Bernard-Henri Lévy falava à agência Lusa a propósito do seu novo livro, "Este vírus que nos enlouquece", publicado com tradução de João Luís Zamith e André Tavares Marçal, pela Guerra & Paz. "É possível que a COVID-19 nos faça pensar em todos nós, principalmente além dos seres humanos que têm necessidades terríveis?", pergunta o filósofo.
Questionado sobre se a situação de pandemia pode ser entendida como uma possibilidade para rever os moldes do comportamento humano, como o disseram vários responsáveis políticos, Lévy questionou: "Qual renovação?".
"Por enquanto, vejo o retorno das fronteiras. A cacofonia na Europa. A ascensão do egoísmo. Uma retirada generalizada, e assim por diante... A contenção, em outras palavras, provavelmente era necessária. Mas como um mal necessário. Como uma medida essencial, mas ruinosa para a economia, angustiante para os indivíduos e criando muito desastre nas sociedades", argumentou.
Levy salientou a questão da fome no mundo, cujas vítimas "foram multiplicadas por dois, ou até três".
o autor francês referiu os "sem -abrigo", "pessoas a quem lhes é dito ‘fiquem em casa', quando não têm ‘casa', os refugiados da [ilha grega] de Lesbos, que nunca foram tão numerosos, e são completamente ignorados".
“Há países, em África, por exemplo, onde quase não há covid, mas onde essa fixação obsessiva obscurece completamente pragas, a cólera, a varíola, o dengue e outras febres amarelas que não são testadas ou tratadas, sem mencionar, que, na Nigéria, por exemplo, onde há menos vítimas da covid do que pessoas baleadas pela polícia por terem rompido o confinamento, ou em Moçambique, onde o autoproclamado Estado Islâmico está ganhando terreno com indiferença quase geral", sentenciou.
O autor de "Este vírus que nos enlouquece" referiu à Lusa que a pandemia reforçou o sentimento de medo no ser humano: "O medo é um problema, sim. Primeiro, porque é absurdo: esta pandemia tem precedentes, um vírus como este, houve e ainda haverá muitos, e este vírus, além disso, é menos letal que outros, mas acima de tudo o medo é um sentimento negativo que nos faz perder a cabeça”.
No prólogo da sua obra, Lévy refere que este tipo de desastre "sempre existiu" e recorda a gripe espanhola que causou 50 milhões de mortes, "sem dúvida mais pessoas do que a covid alguma vez vitimará". Levy recorda ainda a gripe de Hong Kong, depois de 1968, que causou a morte a um milhão de pessoas, "com lábios cianóticos, hemorragia pulmonar ou asfixia" ou ainda, a gripe asiática que surgiu na China, passou pelo Irão, Itália, leste da França e América.
"O mais impressionante é a forma, muito estranha como estamos a reagir", escreve o autor, realçando "o medo que se abate pelo mundo" que paralisa os mais ousados.
O autor francês refere no livro como cidades se esvaziaram e se tornaram cidades-fantasma, bem como a "retórica do inimigo invisível".
À Lusa afirmou: "Uma pandemia é uma pandemia.

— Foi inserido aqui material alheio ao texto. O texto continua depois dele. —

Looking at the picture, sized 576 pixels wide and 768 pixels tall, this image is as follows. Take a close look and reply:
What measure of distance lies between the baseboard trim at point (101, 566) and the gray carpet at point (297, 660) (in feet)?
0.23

Não é uma guerra e não há mais guerra biológica".
A obra, na qual contesta a ideia de que depois da covid-19 "nada vai ser como antes", divide-se em cinco partes: "Volta, Michel Foucault", "Surpresa Divina", "O Delicioso Confinamento", "A Vida Dizem Eles", e "O Adeus ao Mundo?".

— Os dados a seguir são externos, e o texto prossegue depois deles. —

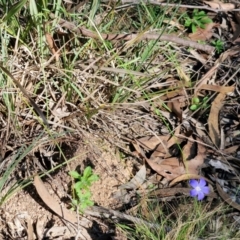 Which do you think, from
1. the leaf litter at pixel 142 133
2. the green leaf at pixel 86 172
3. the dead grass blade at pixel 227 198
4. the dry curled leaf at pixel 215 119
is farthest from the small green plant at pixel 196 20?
the green leaf at pixel 86 172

A pandemia da covid-19 já provocou mais de 584 mil mortos e infetou mais de 13,58 milhões de pessoas em 196 países e territórios, segundo um balanço feito pela agência francesa AFP.

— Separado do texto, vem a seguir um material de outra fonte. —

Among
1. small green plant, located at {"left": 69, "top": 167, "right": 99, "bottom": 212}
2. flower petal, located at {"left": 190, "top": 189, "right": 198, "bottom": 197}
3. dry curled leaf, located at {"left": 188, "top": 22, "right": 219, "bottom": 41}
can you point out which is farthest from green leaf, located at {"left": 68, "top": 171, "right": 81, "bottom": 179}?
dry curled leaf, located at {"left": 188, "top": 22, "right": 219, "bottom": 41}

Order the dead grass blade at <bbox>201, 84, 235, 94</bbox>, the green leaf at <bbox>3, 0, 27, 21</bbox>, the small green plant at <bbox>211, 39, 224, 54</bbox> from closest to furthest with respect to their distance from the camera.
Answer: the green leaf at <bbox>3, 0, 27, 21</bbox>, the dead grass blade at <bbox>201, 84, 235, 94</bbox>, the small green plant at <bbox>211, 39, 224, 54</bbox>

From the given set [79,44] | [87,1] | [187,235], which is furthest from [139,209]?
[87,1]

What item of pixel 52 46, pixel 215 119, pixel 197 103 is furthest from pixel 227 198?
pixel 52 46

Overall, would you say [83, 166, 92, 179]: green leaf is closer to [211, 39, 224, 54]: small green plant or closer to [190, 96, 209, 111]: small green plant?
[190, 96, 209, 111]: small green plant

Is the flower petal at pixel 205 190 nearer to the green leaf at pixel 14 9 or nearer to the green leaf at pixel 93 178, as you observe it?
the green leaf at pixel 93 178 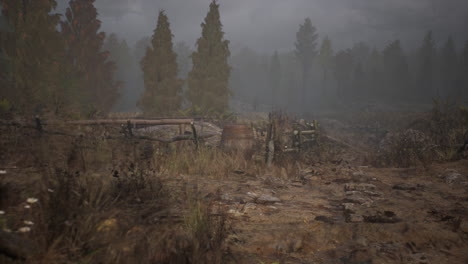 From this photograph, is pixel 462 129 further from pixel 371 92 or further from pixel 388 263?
pixel 371 92

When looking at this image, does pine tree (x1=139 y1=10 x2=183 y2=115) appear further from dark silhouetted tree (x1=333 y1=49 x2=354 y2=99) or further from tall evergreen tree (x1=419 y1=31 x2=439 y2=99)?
tall evergreen tree (x1=419 y1=31 x2=439 y2=99)

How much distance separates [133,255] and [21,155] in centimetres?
481

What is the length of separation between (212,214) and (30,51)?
17365 millimetres

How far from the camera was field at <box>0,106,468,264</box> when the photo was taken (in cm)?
211

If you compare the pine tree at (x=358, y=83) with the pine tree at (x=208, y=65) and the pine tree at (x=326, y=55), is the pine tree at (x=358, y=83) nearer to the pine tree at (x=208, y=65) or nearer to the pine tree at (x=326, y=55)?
the pine tree at (x=326, y=55)

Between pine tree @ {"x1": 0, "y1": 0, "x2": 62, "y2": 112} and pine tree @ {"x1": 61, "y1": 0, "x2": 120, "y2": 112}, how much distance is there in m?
4.11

Em Portugal, morreram 1.679 pessoas das 47.765 confirmadas como infetadas, de acordo com o boletim mais recente da Direção-Geral da Saúde.
A doença é transmitida por um novo coronavírus detetado no final de dezembro, em Wuhan, uma cidade do centro da China.
Depois de a Europa ter sucedido à China como centro da pandemia em fevereiro, o continente americano é agora o que tem mais casos confirmados e mais mortes.
Bernard-Henri Lévy completa 72 anos em novembro próximo, tem formação como epistemólogo e faz parte da denominada "Nova Corrente Filosófica" surgida no final da década de 1970. Assina, semanalmente, uma crónica na revista Le Point.
Nascido em Argel, Lévy foi discípulo do físico e filósofo Georges Canguilhem (1904-1995).